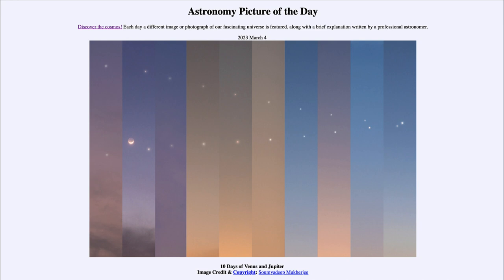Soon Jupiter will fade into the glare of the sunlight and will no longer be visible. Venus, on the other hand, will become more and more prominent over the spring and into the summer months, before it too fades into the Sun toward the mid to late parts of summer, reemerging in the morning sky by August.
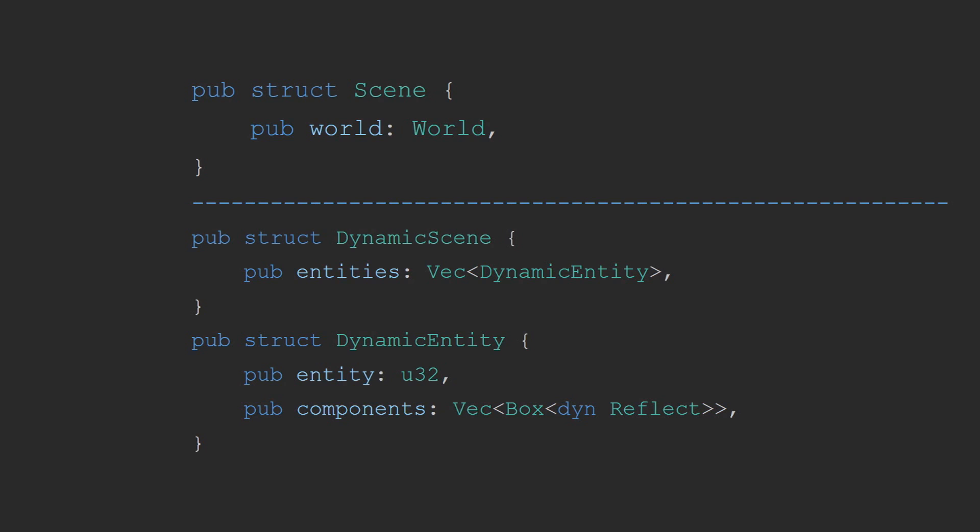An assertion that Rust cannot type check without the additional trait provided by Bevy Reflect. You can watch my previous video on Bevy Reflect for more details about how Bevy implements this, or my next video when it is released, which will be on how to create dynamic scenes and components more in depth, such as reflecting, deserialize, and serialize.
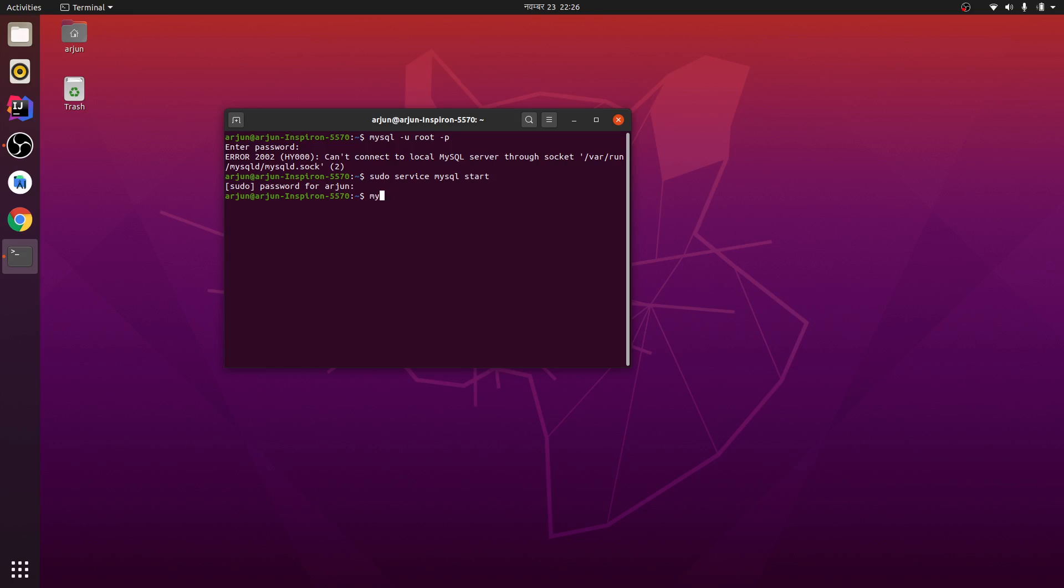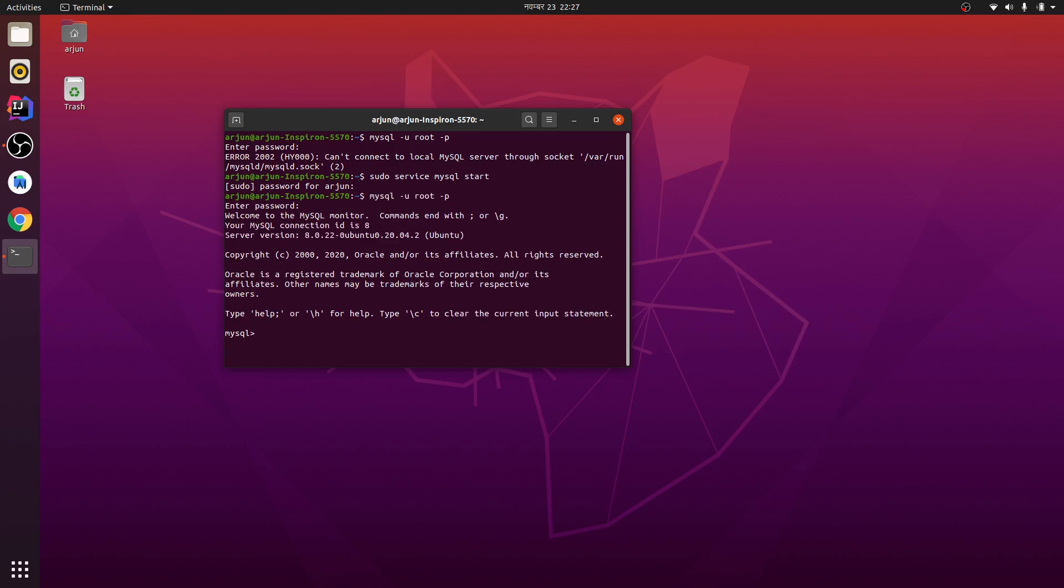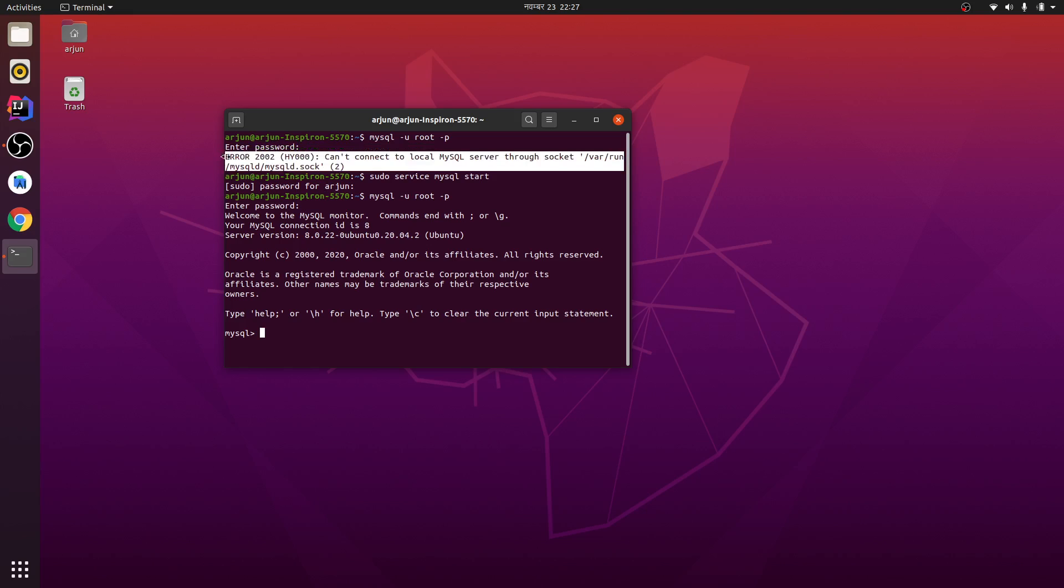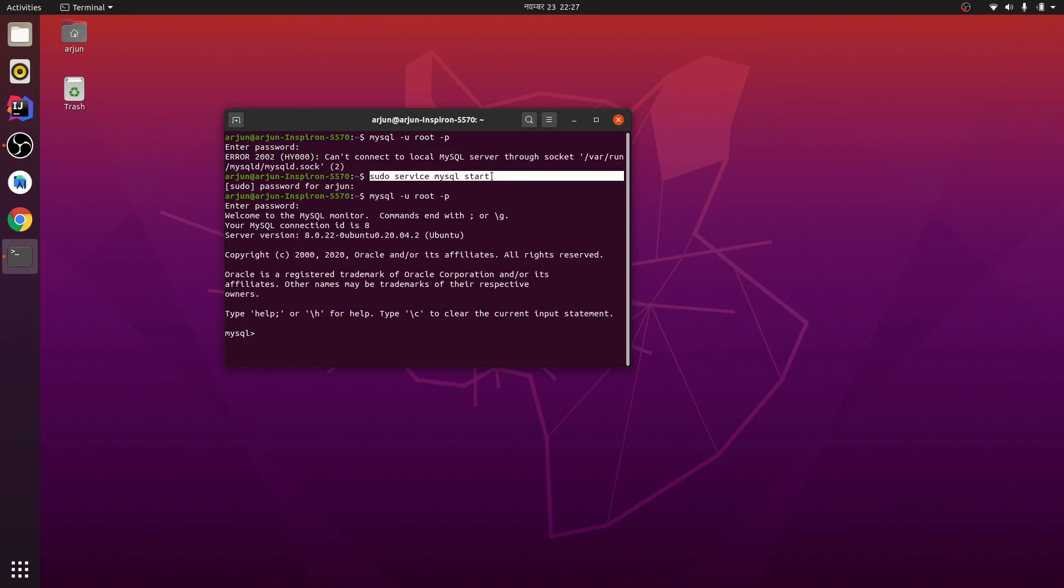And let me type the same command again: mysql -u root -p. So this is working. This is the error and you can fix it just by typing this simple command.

...

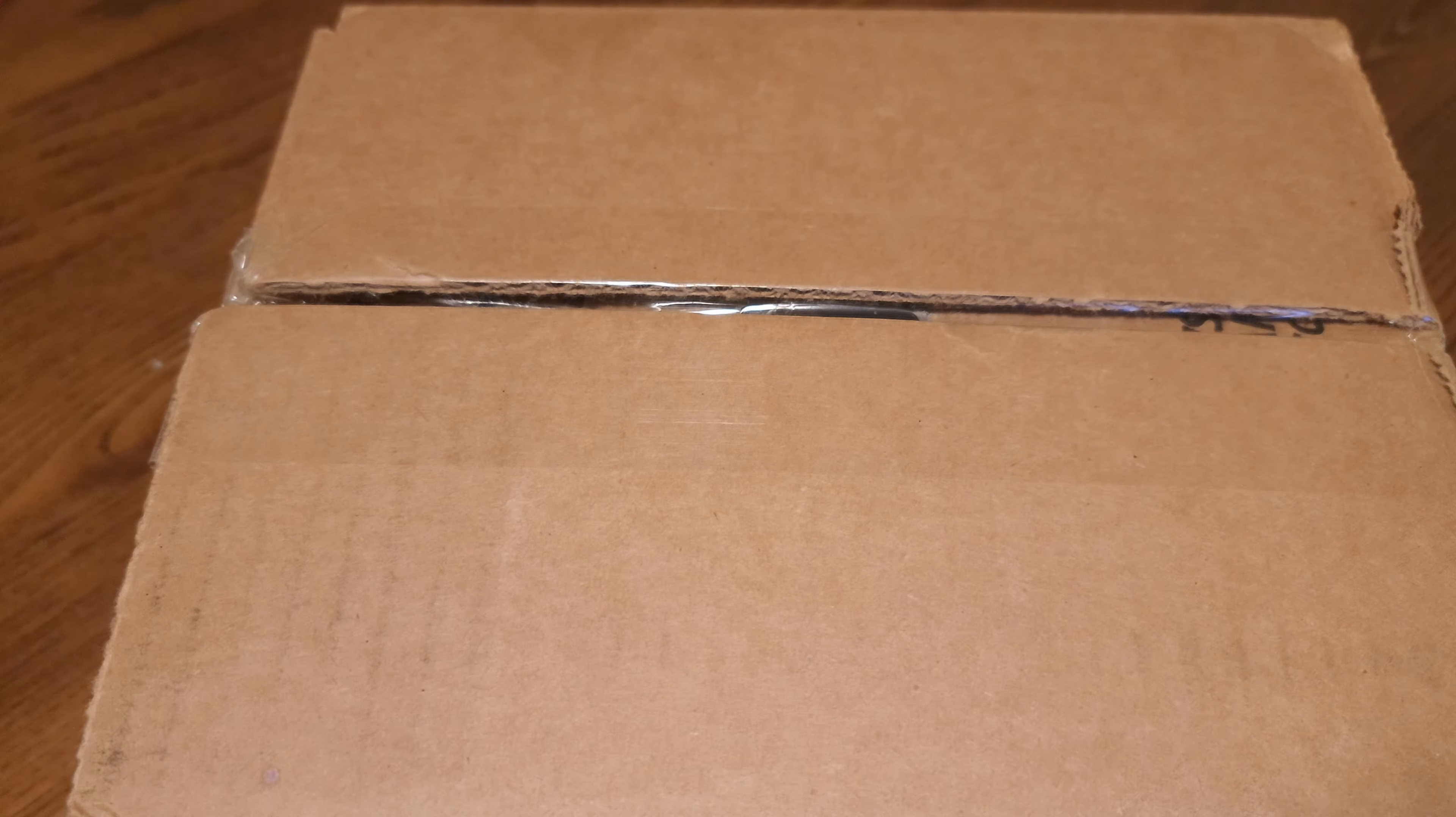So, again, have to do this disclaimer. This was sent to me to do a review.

• **ACTIVITY**
Restate the lines above from the one containing "Soon Jupiter will" through the one containing "And let me type", inclusive, exactly and without pictures.

• **ANSWER SPACE**
Soon Jupiter will fade into the glare of the sunlight and will no longer be visible. Venus, on the other hand, will become more and more prominent over the spring and into the summer months, before it too fades into the Sun toward the mid to late parts of summer, reemerging in the morning sky by August.
An assertion that Rust cannot type check without the additional trait provided by Bevy Reflect. You can watch my previous video on Bevy Reflect for more details about how Bevy implements this, or my next video when it is released, which will be on how to create dynamic scenes and components more in depth, such as reflecting, deserialize, and serialize.
And let me type the same command again: mysql -u root -p. So this is working. This is the error and you can fix it just by typing this simple command.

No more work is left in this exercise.